La distribution est particulièrement délicate à établir car, ce chef-d’œuvre, est-il un opéra au sens classique du mot, ou bien une comédie musicale qui ressemble d’ailleurs, davantage à une tragédie qu’à une comédie, ou alors une comédie “trash“ ? Et c’est là qu’intervient le choix fait de la version donnée et de l’importance du chef d’orchestre. « C’est à lui que reviennent la couleur et le rythme, l’accentuation et la modulation de la phrase vocale et ce délicat équilibre de ton qui rend cette œuvre totalement unique et plurielle. »
On note aussi l’importance des textes parlés et leurs couleurs vocales résultant avant tout de la situation dramatique. Ce sont des “personnalités“ scéniques qui s’imposent ici. En un mot, chacun des protagonistes aura fort à faire, aussi bien dans le jeu de scène que la présence vocale, qu’elle soit chantée ou parlée.
En 1933-34, l’œuvre de Brecht et Weill est mise à l’index par le régime nazi au titre d’œuvre entrant dans le domaine de l’art dégénéré. Weill est parti sur Paris. Au lendemain de l’Anschluss, en 1938, la Gestapo saisit nombre de partitions de Kurt Weill chez son éditeur viennois, notamment la grande partition et le matériel de notre opéra. Le compositeur et son épouse Lotte Lenya se sont réfugiés à New-York.
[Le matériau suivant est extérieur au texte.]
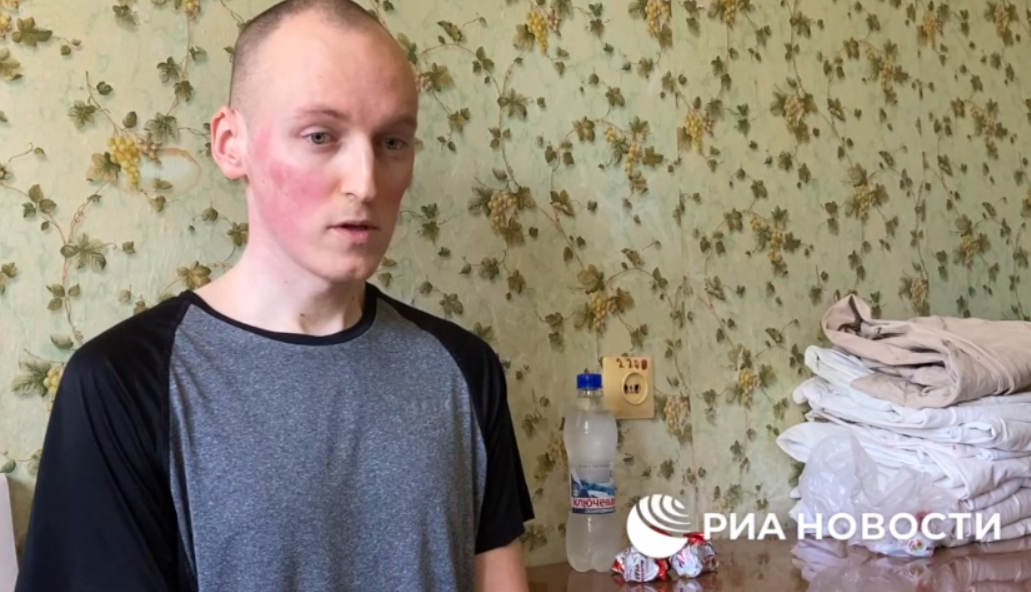 Російська пропаганда показала полоненого захисника Маріуполя, який потрапив під обстріл у Оленівці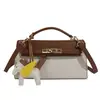 2026 Nuevo Bolso Cruzado de Hombro Único con Diseño de Nicho Coreano para Mujer, Bolso de Mano Versátil de Moda con Bloques de Color Bolso Kelly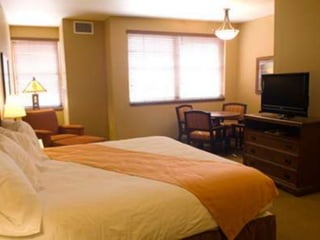  RV park with 20 full-service hook-ups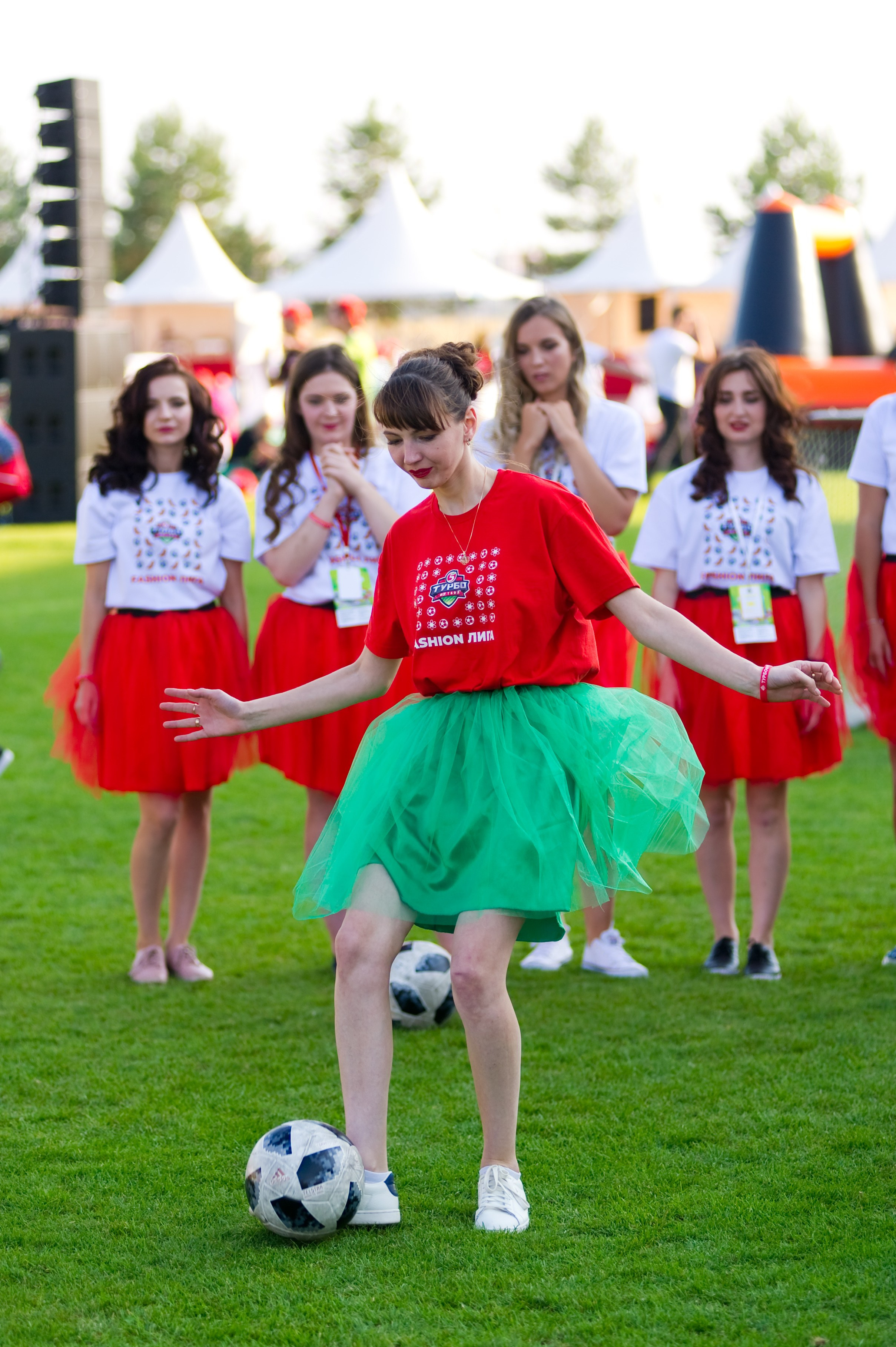 Турбофутбол (корпоративное соревнование «Пятерочки»). Репортажный фотограф и видеограф Слава Думчев. Тимбилдинги, отчетники, корпоративы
JENNY SMITH : Christine Rice – soprano lyrique
LEOCADJA BEGBICK : Anne Sofie von Otter – contralto ou mezzo-soprano
FATTY : Peter Hoare – ténor
TRINITY MOSES : Willard W. White – basse chantante
JIMMY MACINTYRE : Kurt Streit – ténor
BANK ACCOUNT BILLY : Darren Jeffery – baryton
CHEF D’ORCHESTRE : John Fulljames – on retrouve un orchestre principal et un orchestre de scène
Le trio qui suit a concocté un ensemble, mise en scène, décors et lumières assez décoiffant !! et le terme paraît sobre.
METTEUR EN SCÈNE : Mark Wigglesworth
DÉCOR : Es Devlin
LUMIÈRE : Bruno Poet
ACTE I. Au milieu du désert, un camion tombe en panne. Ses passagers, recherchés par la police, la veuve Leokadja Bebick, Moïse La Trinité et Fatty, décident de fonder à cet endroit la « ville piège » Mahagonny, où tous les plaisirs seront à disposition, à satiété. Un groupe de prostituées, parmi lesquelles Jenny, arrivent à la recherche de whisky et d’hommes en chantant l’Alabama
Song. Fatty et Moïse vantent les mérites de Mahagonny dans les grandes villes et les âmes perdues affluent. Un groupe de quatre bûcherons dont Jim Mahoney, débarquent en ville. La veuve Bebick leur présente ses filles, Jim est séduit par Jenny. Or, les déçus, car il y en a de plus en plus, commencent à quitter la ville. Ses trois fondateurs s’inquiétent logiquement pour leurs affaires. Jim cherche également à partir de Mahagonny où les panneaux d’interdiction se mettent à fleurir un peu partout, mais ses amis le persuadent de rester. Un cyclone se dirige vers la ville, Jim comprend alors la futilité du fait de construire quoi que ce soit, quand un ouragan peut tout détruire d’un coup et professe un nouveau credo : « Fais ce qu’il te plaît ».
ACTE II. Au dernier moment, alors que le cyclone a détruit les villes voisines, il contourne Mahagonny, comme par miracle. Les habitants adoptent désormais la devise « Tout est permis». Un an plus tard, ils chantent les quatre plaisirs de la vie : manger, faire l’amour, se battre et boire. Lors d’un combat à mort entre son ami Joe et Moïse, Jim mise tout son argent sur son ami. Quand Joe meurt, Jim est ruiné. Pour noyer son chagrin, il offre des tournées générales et se rappelle de l’Alaska où il aimerait retourner.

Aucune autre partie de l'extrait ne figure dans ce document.